**Exercise directions:** Exclude the pictures, then repeat exactly each line from the one containing "Alexandra Wagner stellt" to the final line of the records that follow.

**Extracted entries:**
──────────
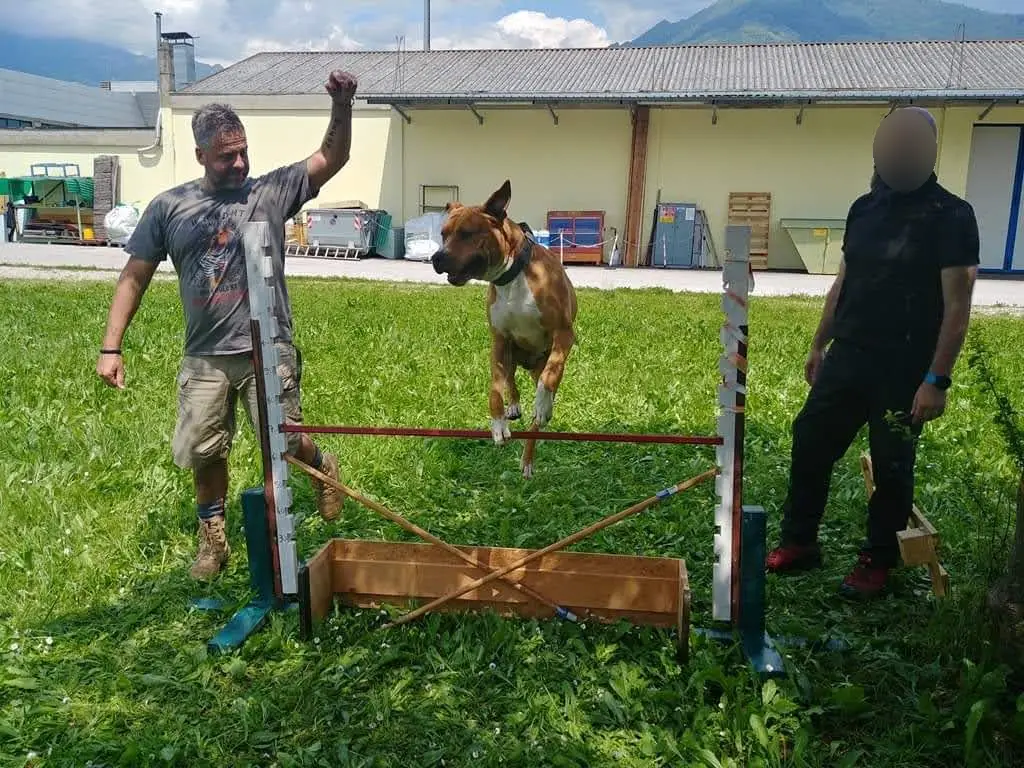Marco Marchesin con il cane durante un esercizio di salto
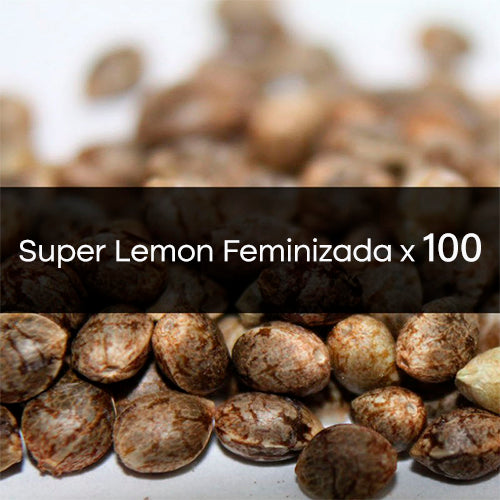 Super Lemon Feminizada a Granel 100 Unidades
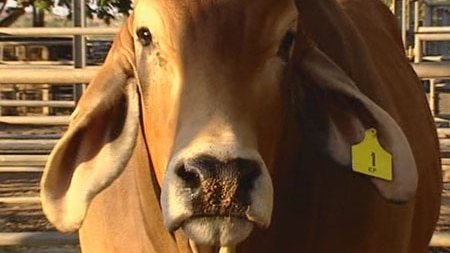 Prize Brahman bull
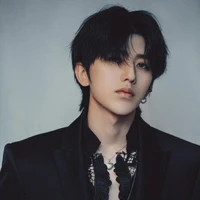 Trần việt hoàng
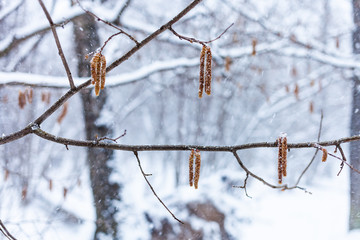 alder catkins on tree branch in forest in snowfall
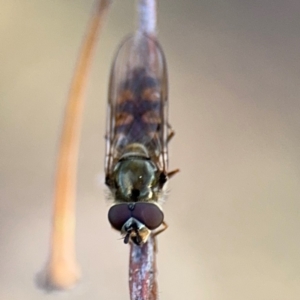 Syrphini sp. (tribe) at Russell, ACT - 29 Aug 2024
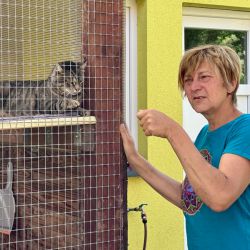 Alexandra Wagner stellt ihre Schützlinge vor. Foto: Gina Werthe / Landkreis Prignitz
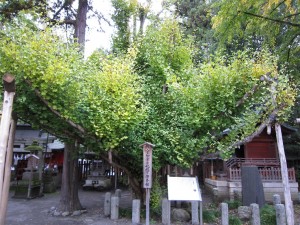 秩父神社 乳銀杏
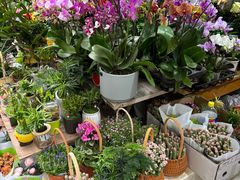 -循礼门鲜花花市(武汉循礼门店)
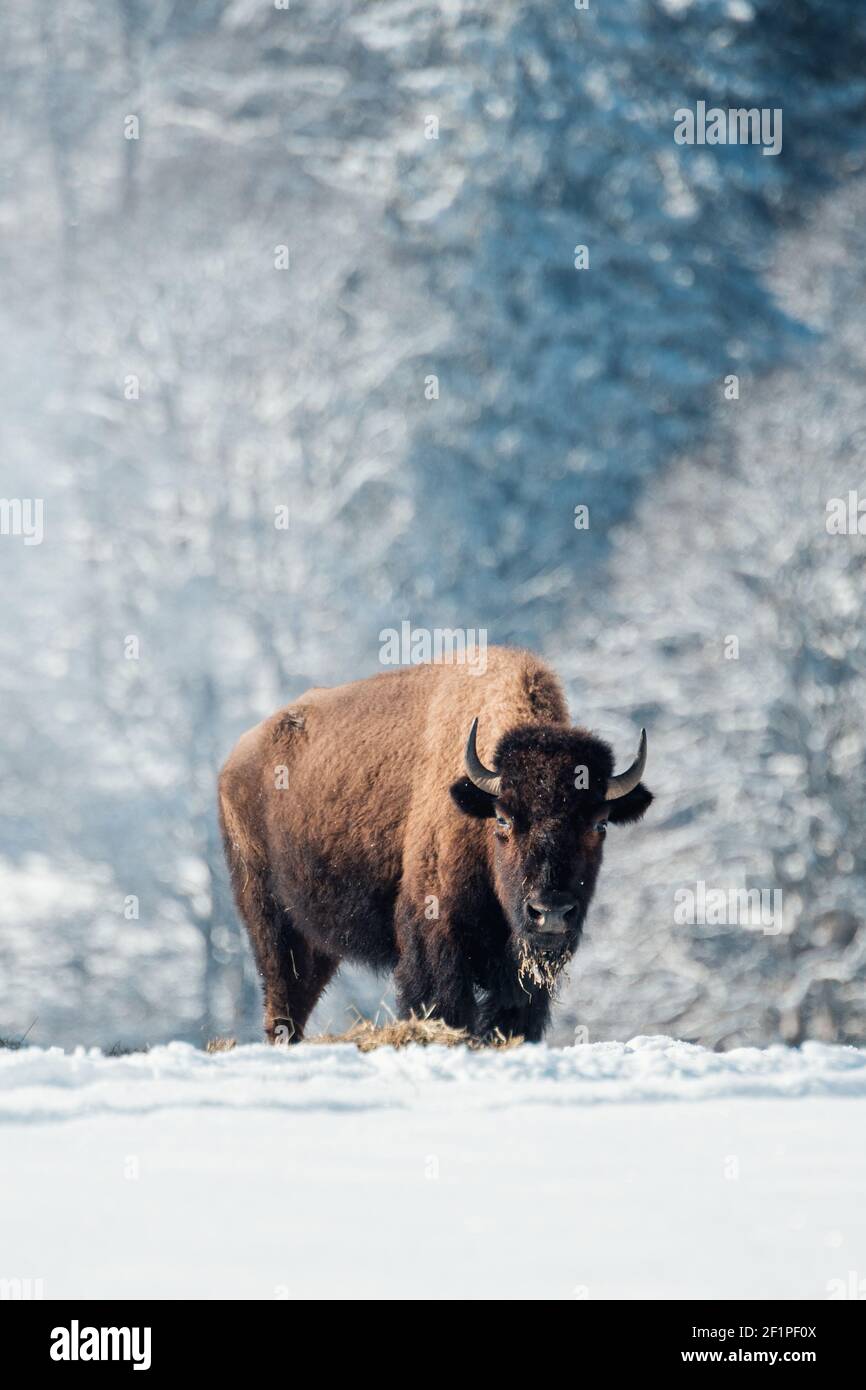 captive bison in snow at the Bison Ranch in Les Prés d'Orvin, Swiss Jura Stock Photo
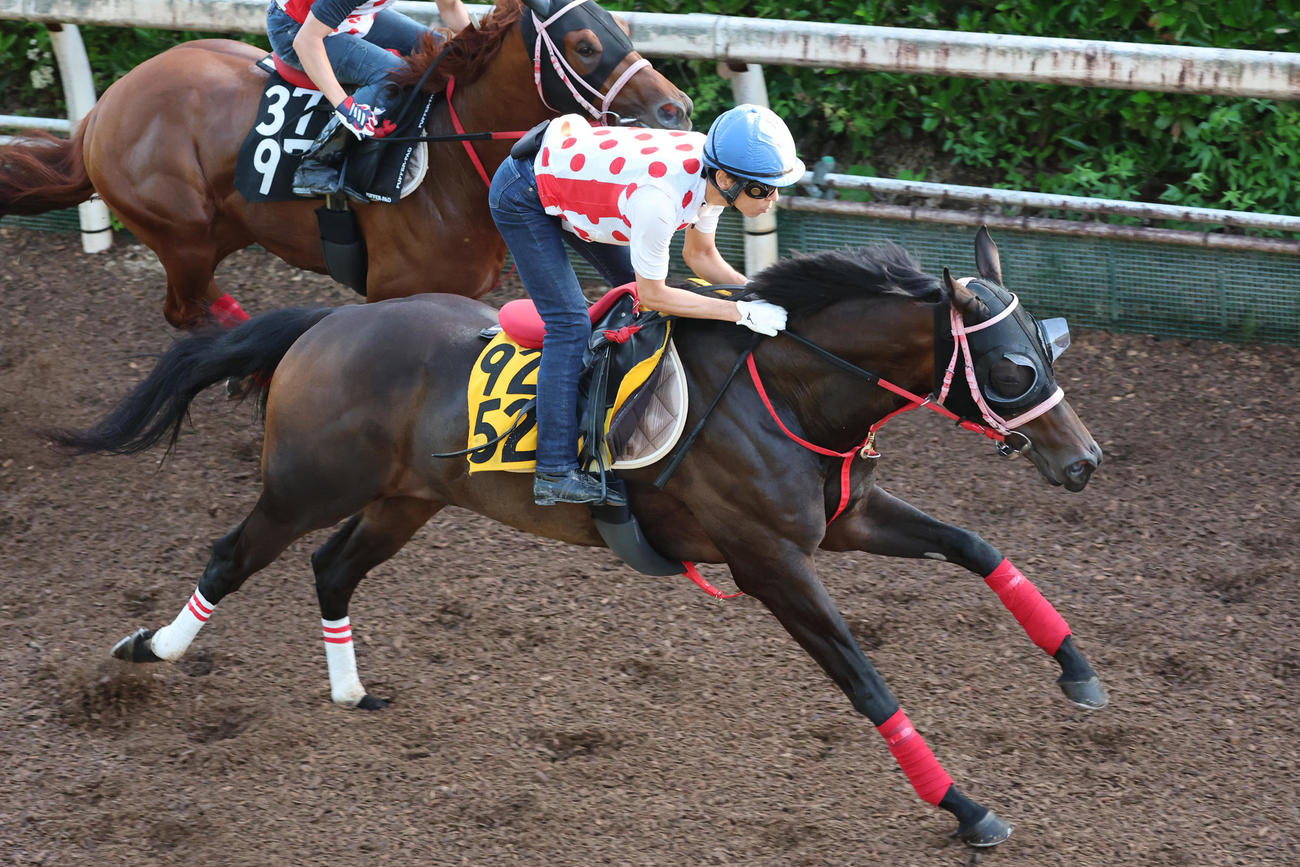 坂路で併せ馬に先着するラヴァンダ（右）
──────────
**Finished exercise:**
 Alexandra Wagner stellt ihre Schützlinge vor. Foto: Gina Werthe / Landkreis Prignitz
 秩父神社 乳銀杏
 -循礼门鲜花花市(武汉循礼门店)
 captive bison in snow at the Bison Ranch in Les Prés d'Orvin, Swiss Jura Stock Photo
 坂路で併せ馬に先着するラヴァンダ（右）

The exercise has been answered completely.